The rapidly expanding geographical distribution of these outbreaks and the number of virus strains currently co-circulating have put WHO on high alert. For example, the H5N6 virus causing severe outbreaks in Asia is a new strain created by gene-swapping among four different viruses.

Since 2013, China has reported epidemics of H7N9 infections in humans, now amounting to more than 1000 cases, of which 38.5% were fatal.

The latest epidemic, which began in late September 2016, started earlier than usual, and since December has shown a sudden and steep increase in cases. In the most recent two clusters, WHO could not rule out limited human-to-human transmission, though no sustained transmission has been detected to date.
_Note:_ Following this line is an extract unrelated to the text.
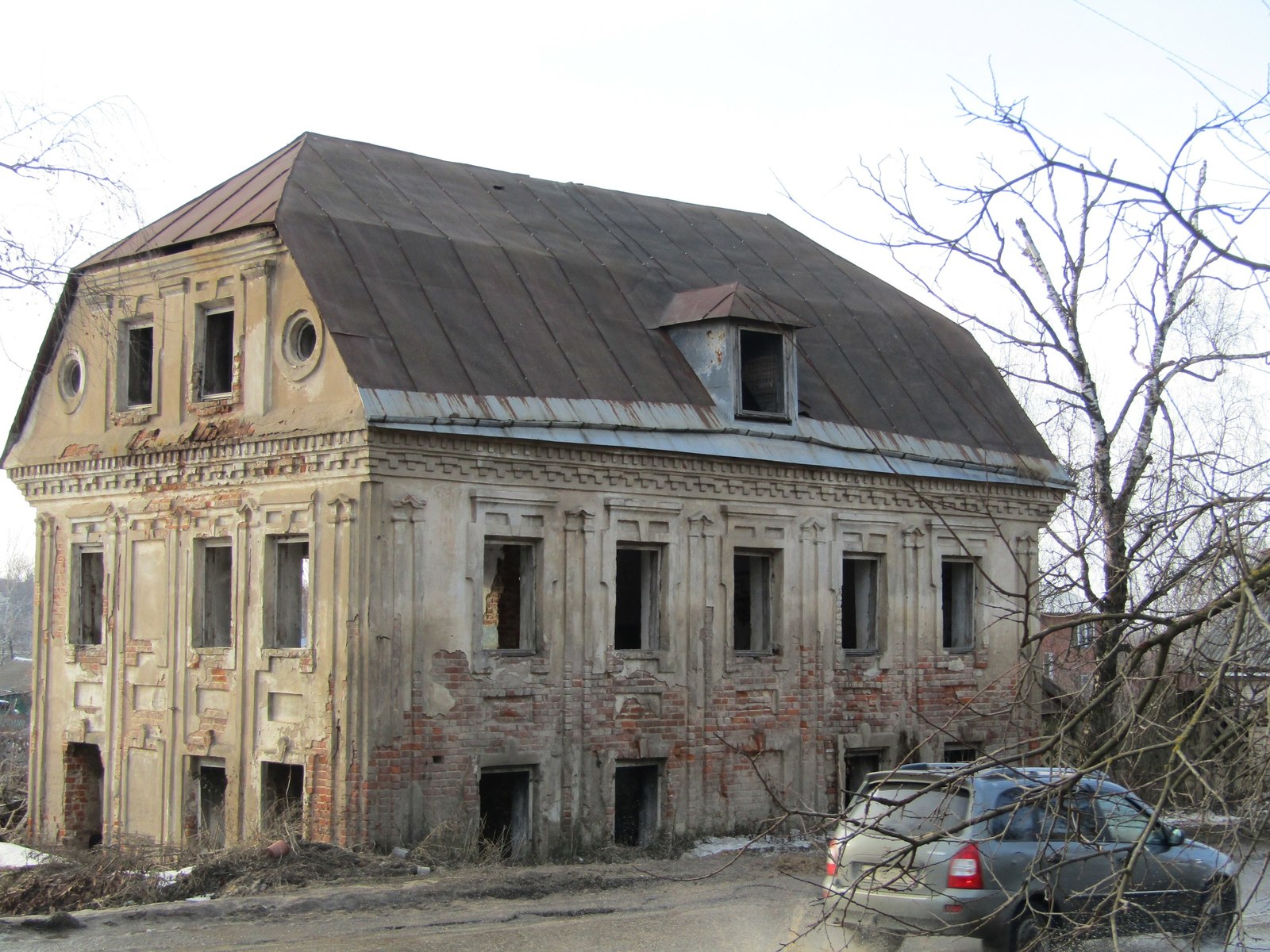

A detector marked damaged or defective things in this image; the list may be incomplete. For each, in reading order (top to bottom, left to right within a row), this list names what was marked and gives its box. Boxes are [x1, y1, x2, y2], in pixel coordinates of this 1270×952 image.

As required by the International Health Regulations, all countries must detect and report human cases promptly. We cannot afford to miss the early signals.

Ladies and gentlemen,

Every item on your agenda is important and, like your Chair, I am worried about time constraints, especially as you will be looking at some new draft global action plans, reviewing the impact of others, and guiding our response to several pressing issues.

As I close, I ask you to join me in paying tribute to two iconic public health leaders who left us last year.

Dr DA Henderson was most strongly identified with the eradication of smallpox, a WHO campaign which he led to a spectacular success. This was only one achievement in his stellar career. Most recently, he contributed to the design of the ring vaccination approach used to test the Ebola vaccine in Guinea.

Smallpox eradication was achieved during Dr Halfdan Mahler’s long tenure as WHO Director-General. Dr Mahler is best remembered for his commitment to primary health care and the Alma-Ata Declaration that launched the Health for All movement.

He argued that Health for All was a value system, with primary health care as the strategic component. The same can be said for universal health coverage, which gives the agenda for sustainable development a compelling moral dimension that can also be measured.

In this and many other ways, Dr Mahler’s achievements live on.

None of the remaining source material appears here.